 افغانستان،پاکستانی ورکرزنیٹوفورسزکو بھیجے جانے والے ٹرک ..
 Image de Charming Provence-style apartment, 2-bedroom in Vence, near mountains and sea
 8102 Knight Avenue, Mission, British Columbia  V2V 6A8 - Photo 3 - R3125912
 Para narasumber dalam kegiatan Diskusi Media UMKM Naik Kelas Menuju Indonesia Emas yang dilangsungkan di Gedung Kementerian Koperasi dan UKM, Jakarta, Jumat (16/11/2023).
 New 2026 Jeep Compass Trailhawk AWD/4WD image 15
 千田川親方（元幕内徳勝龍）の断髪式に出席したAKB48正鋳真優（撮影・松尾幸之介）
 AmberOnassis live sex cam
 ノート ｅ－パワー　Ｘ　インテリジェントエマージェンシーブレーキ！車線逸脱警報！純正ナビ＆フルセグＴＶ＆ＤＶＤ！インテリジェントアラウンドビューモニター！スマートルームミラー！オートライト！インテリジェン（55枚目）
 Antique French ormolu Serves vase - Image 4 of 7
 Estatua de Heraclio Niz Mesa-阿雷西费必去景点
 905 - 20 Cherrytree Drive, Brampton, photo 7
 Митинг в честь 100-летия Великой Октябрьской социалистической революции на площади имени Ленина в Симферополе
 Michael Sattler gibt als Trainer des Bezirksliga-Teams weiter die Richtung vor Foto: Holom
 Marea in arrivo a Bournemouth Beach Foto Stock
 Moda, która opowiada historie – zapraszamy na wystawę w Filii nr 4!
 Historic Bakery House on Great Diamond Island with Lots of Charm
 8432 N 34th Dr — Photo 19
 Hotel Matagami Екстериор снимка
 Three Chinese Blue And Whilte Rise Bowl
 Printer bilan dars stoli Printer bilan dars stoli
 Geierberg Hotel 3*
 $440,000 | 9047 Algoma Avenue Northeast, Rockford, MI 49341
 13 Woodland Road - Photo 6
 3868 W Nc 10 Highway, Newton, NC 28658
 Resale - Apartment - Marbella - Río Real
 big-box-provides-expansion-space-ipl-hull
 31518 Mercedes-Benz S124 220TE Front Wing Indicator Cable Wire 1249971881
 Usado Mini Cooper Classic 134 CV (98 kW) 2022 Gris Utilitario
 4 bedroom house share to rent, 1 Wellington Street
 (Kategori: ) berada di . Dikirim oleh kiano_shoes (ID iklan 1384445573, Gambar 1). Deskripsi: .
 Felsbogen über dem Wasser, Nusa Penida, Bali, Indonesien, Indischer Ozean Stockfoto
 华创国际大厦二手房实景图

**Exercise instructions**
Please find each line in the records above that holds the word "Avenue", and copy it.

**Written answer**
 8102 Knight Avenue, Mission, British Columbia  V2V 6A8 - Photo 3 - R3125912
 $440,000 | 9047 Algoma Avenue Northeast, Rockford, MI 49341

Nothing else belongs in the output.